Let me conclude with 5 top tips to reducing mother’s guilt:
If you can afford it and are willing and ready to invest in yourself, your family, your marriage and your career, then employ a coach. This is by far the best way to deal with mother’s guilt. Working through your pain points and struggles in a relaxed, non-judgemental, and confidential environment can prove far more rewarding than confiding in family, colleagues, and friends.
Stop comparing yourself to others. It is a pointless task and can conjure up unhealthy failures in yourself and your own support team as well as jealousy and resentment towards others. We are all different and each of us has strengths and weaknesses in the family-work-life ecosystems we have created.

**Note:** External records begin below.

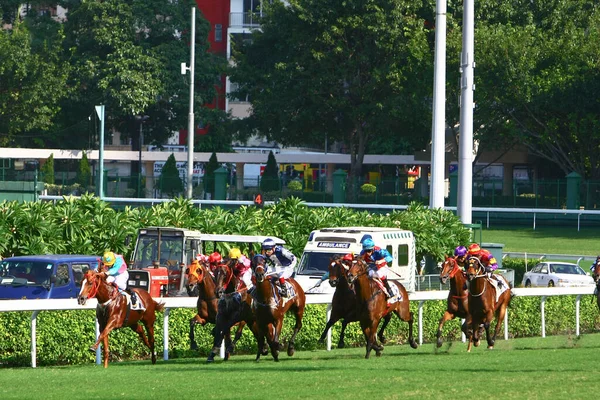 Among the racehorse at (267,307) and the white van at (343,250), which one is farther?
the white van at (343,250)

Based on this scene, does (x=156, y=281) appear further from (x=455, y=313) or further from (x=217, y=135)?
(x=217, y=135)

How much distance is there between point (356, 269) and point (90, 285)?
373 centimetres

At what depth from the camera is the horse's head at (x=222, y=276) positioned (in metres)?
16.1

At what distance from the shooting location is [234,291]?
16422 mm

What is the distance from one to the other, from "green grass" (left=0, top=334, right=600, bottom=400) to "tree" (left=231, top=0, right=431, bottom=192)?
3774 centimetres

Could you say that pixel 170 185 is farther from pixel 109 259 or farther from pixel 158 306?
pixel 109 259

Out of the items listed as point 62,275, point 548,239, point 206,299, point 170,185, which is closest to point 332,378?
point 206,299

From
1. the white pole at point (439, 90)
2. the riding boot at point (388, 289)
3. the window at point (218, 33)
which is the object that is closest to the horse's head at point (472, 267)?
the riding boot at point (388, 289)

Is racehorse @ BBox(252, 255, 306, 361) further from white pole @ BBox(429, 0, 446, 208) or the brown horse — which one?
white pole @ BBox(429, 0, 446, 208)

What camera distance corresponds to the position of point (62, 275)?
66.7 feet

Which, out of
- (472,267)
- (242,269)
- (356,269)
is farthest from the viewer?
(472,267)

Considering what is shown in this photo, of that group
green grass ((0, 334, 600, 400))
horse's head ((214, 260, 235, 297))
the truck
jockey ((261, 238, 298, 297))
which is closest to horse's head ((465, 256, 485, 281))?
green grass ((0, 334, 600, 400))

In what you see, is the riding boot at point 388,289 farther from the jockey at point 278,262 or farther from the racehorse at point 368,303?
the jockey at point 278,262

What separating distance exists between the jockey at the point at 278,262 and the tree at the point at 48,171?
41648mm
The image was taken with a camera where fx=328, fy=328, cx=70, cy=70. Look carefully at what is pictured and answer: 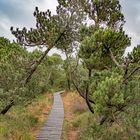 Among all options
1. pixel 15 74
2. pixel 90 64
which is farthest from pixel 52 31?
pixel 90 64

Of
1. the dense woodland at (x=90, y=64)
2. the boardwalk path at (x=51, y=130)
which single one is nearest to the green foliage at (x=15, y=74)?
the dense woodland at (x=90, y=64)

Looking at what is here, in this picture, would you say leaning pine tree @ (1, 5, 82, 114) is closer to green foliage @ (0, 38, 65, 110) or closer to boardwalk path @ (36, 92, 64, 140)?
green foliage @ (0, 38, 65, 110)

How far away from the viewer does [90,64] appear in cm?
1212

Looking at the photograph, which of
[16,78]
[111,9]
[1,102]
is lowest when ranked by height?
[1,102]

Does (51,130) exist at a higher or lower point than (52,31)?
lower

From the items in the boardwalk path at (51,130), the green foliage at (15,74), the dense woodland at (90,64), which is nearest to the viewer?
the dense woodland at (90,64)

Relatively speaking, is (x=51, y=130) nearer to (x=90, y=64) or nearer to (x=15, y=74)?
(x=15, y=74)

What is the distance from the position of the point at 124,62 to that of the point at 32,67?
803 centimetres

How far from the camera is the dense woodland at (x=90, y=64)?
30.5 feet

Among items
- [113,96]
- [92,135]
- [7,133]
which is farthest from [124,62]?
[7,133]

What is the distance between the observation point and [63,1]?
56.9 ft

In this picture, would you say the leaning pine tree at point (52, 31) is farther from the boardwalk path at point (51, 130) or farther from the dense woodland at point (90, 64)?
the boardwalk path at point (51, 130)

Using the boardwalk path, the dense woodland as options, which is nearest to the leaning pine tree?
the dense woodland

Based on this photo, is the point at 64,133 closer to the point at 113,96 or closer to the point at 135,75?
the point at 135,75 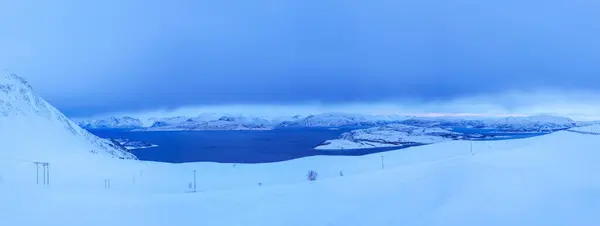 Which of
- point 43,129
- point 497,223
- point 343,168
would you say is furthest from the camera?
point 43,129

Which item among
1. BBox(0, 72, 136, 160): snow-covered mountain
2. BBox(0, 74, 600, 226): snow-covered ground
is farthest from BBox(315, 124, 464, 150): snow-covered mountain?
BBox(0, 74, 600, 226): snow-covered ground

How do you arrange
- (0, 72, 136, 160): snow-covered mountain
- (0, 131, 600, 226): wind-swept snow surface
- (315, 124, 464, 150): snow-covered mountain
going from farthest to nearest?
1. (315, 124, 464, 150): snow-covered mountain
2. (0, 72, 136, 160): snow-covered mountain
3. (0, 131, 600, 226): wind-swept snow surface

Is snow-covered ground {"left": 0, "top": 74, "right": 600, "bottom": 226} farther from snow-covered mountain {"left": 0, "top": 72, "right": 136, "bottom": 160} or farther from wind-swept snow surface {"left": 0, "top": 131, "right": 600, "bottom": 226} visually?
snow-covered mountain {"left": 0, "top": 72, "right": 136, "bottom": 160}

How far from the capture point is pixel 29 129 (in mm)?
43375

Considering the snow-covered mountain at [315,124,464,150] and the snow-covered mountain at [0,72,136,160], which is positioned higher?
the snow-covered mountain at [0,72,136,160]

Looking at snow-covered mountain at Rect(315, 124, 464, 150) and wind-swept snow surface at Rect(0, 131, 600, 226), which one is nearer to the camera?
wind-swept snow surface at Rect(0, 131, 600, 226)

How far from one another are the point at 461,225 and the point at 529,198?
8.63 feet

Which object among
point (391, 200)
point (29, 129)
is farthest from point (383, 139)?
point (391, 200)

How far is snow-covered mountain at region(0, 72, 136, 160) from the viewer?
37050 mm

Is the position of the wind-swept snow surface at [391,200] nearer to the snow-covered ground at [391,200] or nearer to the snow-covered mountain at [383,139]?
the snow-covered ground at [391,200]

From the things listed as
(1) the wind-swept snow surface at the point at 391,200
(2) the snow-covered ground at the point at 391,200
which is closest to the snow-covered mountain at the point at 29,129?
(2) the snow-covered ground at the point at 391,200

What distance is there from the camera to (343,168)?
34750 millimetres

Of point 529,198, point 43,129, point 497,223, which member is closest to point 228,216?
point 497,223

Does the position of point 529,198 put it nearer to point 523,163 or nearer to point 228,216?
point 523,163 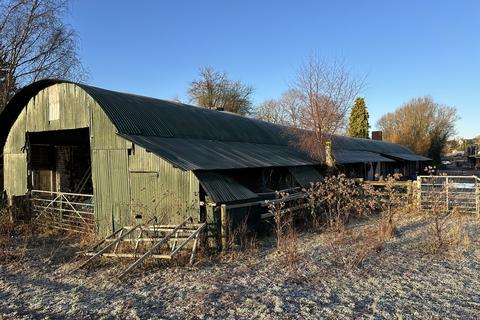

Recognise the value of being “unproductive.” In your eyes, it may be a day where you get nothing done, but in the eyes of your children it can be a really great day that strengthens the mother-child bond. Document, photograph, and even video the day to see what you may have actually still achieved and re-visit during times of need.
Be kind to yourself. Park those negative and self defeating beliefs. Self-compassion is so important and should be practised frequently.
Set realistic daily goals and regularly re-evaluate those expectations. Accept that motherhood is a process. There is no end product in view, and it is important to be flexible and comfortable with this insight.